Have they said what they think is causing the lack of growth? Is it hormonal discrepancy as the hormones control everything? My hormones were out of whack( subclinical hypothyroidism)  which is why i got prescribed Levothyroxine to regulate them slightly. 

Thank you re. the OV. I don't know how long I got the positive O for... all i know is that when the test turns positive with the LSH surge, the egg should drop within the next 24-36 hours and provided tubes aren't blocked etc there should be a chance.. but due to the polyp, the chance has been lowered significantly   ... I have found a good gynae to speak to...trying to save up as I think I want to go private on dealing with this... I received my fertility papers through from the fertility clinic on the NHS( St Barts in London) and they said it was prob best to get it sorted asap to save time. Step at a time I guess! 
Anyhows, huge hugs to you and I hope your DH is being amazing and supportive. Hoping all goes well on your next scan!! Let me know how it goes!!! xxxx


----------



## MrsWils (Jan 11, 2017)

Hi Viv! Sorry for the delayed response- it's been a busy week started a new job yesterday!!

How are you?

Thank you, scan at 9am tomorrow so I'm nervous/ curious about what they may say. I'll keep you posted! 

Interesting you say about going private- I was adamant that we were going to go private for ease. However on our first appointment at the feritility clinic thy said it probably wouldn't get things moving any quicker nor change the service I received. I have to admit that my clinic have been fantastic so far and we're very very quick ( 1 week after my first app I had my hsg!) they are also a lovely friendly bunch and a friend of mine is due to have her twin girls next month after being under their care NHS. Maybe see what the clinic says? 

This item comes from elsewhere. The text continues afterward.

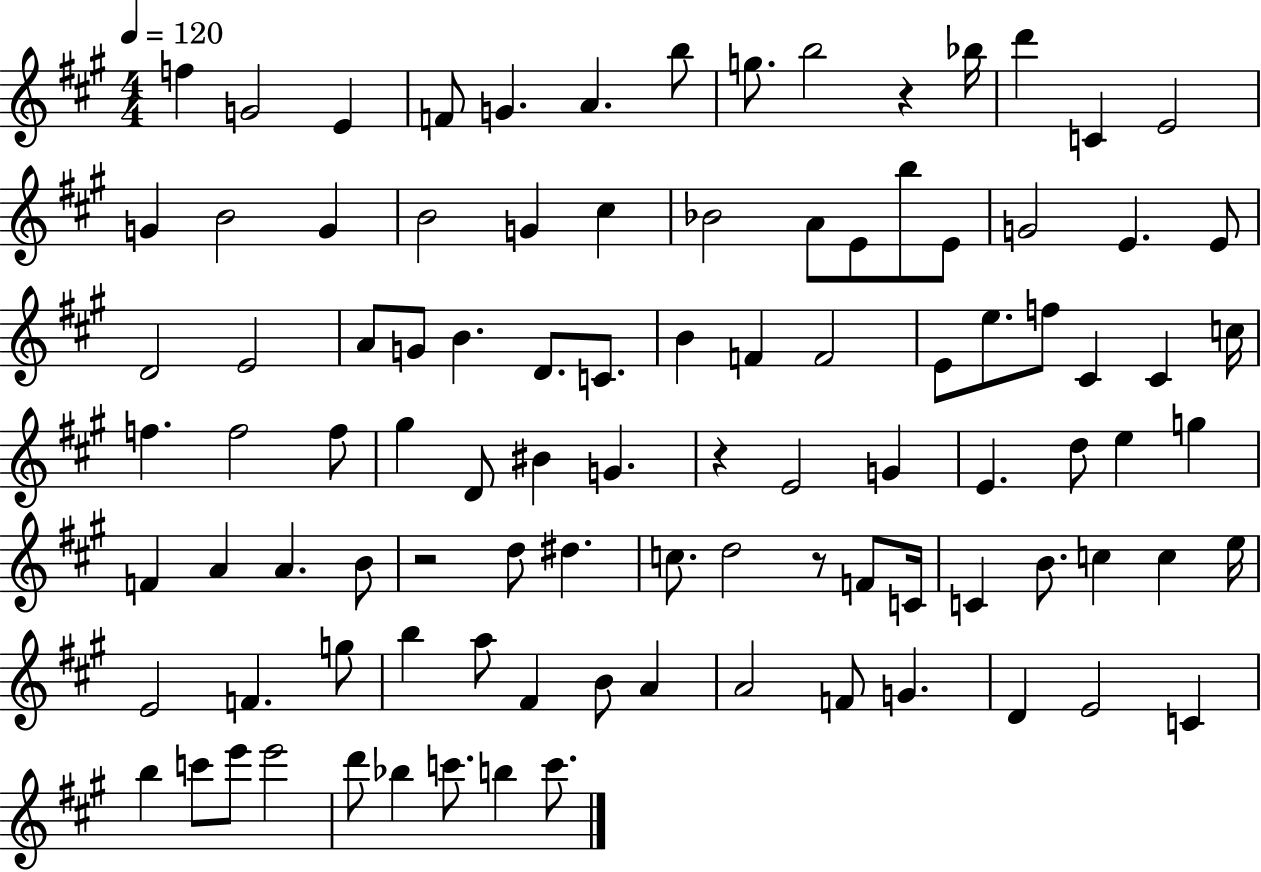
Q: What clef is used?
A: treble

How many days post ov are you now? How are you feeling? 

Xxxx


----------



## Viv123 (Jan 25, 2017)

Hello! No worries and congratulations on the new job! YAY!! 

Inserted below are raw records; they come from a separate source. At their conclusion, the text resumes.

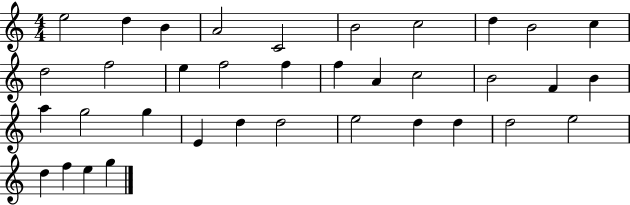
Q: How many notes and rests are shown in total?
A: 36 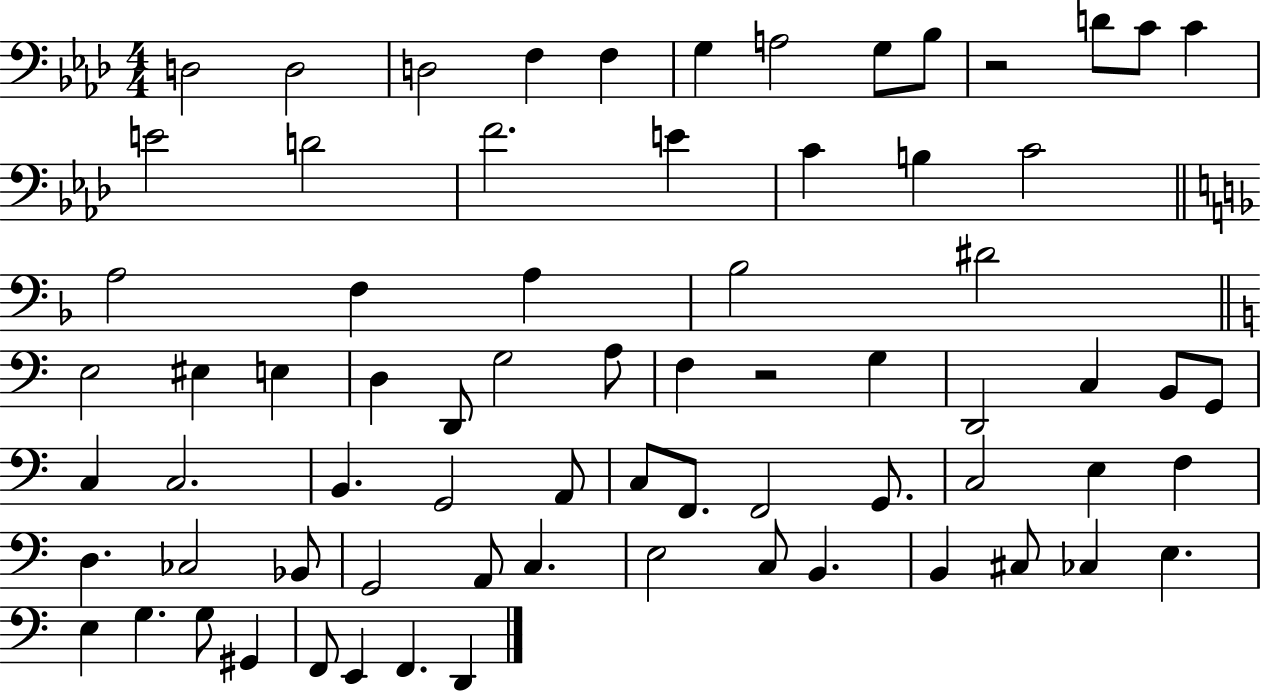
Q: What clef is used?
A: bass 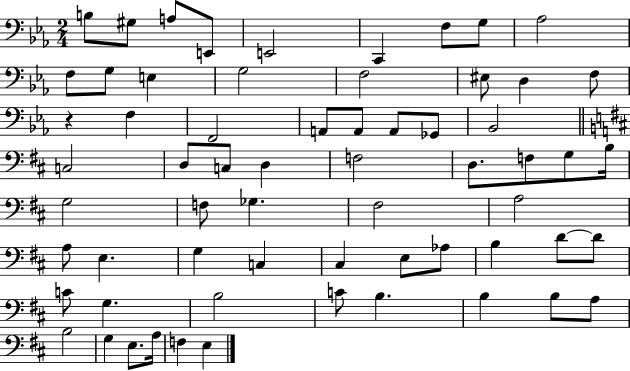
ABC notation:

X:1
T:Untitled
M:2/4
L:1/4
K:Eb
B,/2 ^G,/2 A,/2 E,,/2 E,,2 C,, F,/2 G,/2 _A,2 F,/2 G,/2 E, G,2 F,2 ^E,/2 D, F,/2 z F, F,,2 A,,/2 A,,/2 A,,/2 _G,,/2 _B,,2 C,2 D,/2 C,/2 D, F,2 D,/2 F,/2 G,/2 B,/4 G,2 F,/2 _G, ^F,2 A,2 A,/2 E, G, C, ^C, E,/2 _A,/2 B, D/2 D/2 C/2 G, B,2 C/2 B, B, B,/2 A,/2 B,2 G, E,/2 A,/4 F, E, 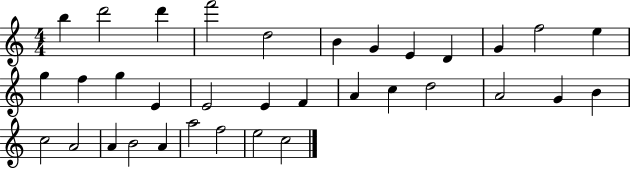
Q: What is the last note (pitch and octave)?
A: C5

I'm hoping all went well with your scan and there was some positive news and ways to move forward!  

Thats great your fertility centre is lovely I think if you find a good one it's definitely a good thing.. Is it outside of London? 

I would consider NHS for sure.. but re.this polyp, I will definitely go private just to ease my mind... it will take too long via the NHS.( My first appointment isn't until the end of March!). When I spoke to the reception lady, she said due to age it was best to deal with this quickly. I tried to call my GP to see if I could get a NHS gynae appt and couldn't get through so gave up 

I am 8 DPO, feeling ok my moods were see-sawing apparently according to DH who asked if I had a history of mood swings or was it the chlomid. ( the cheek!)  I'm trying not to analyse symptoms as it's is very unlikely with the polyp.. so the plan is as soon as AF comes, get the scan and see the gynae asap!!

let me know how your scan went. I'm routing for you!!   xoxo


----------



## MrsWils (Jan 11, 2017)

Hey Viv,

Thank you chuffed about the new job and luckily they have a really flexible working policy which helps with all the endless scans and appointments! How are you finding juggling it all with work?

Ah okay I understand, yes private sounds best for that then    Yes i am being treated in Plymouth in Devon. 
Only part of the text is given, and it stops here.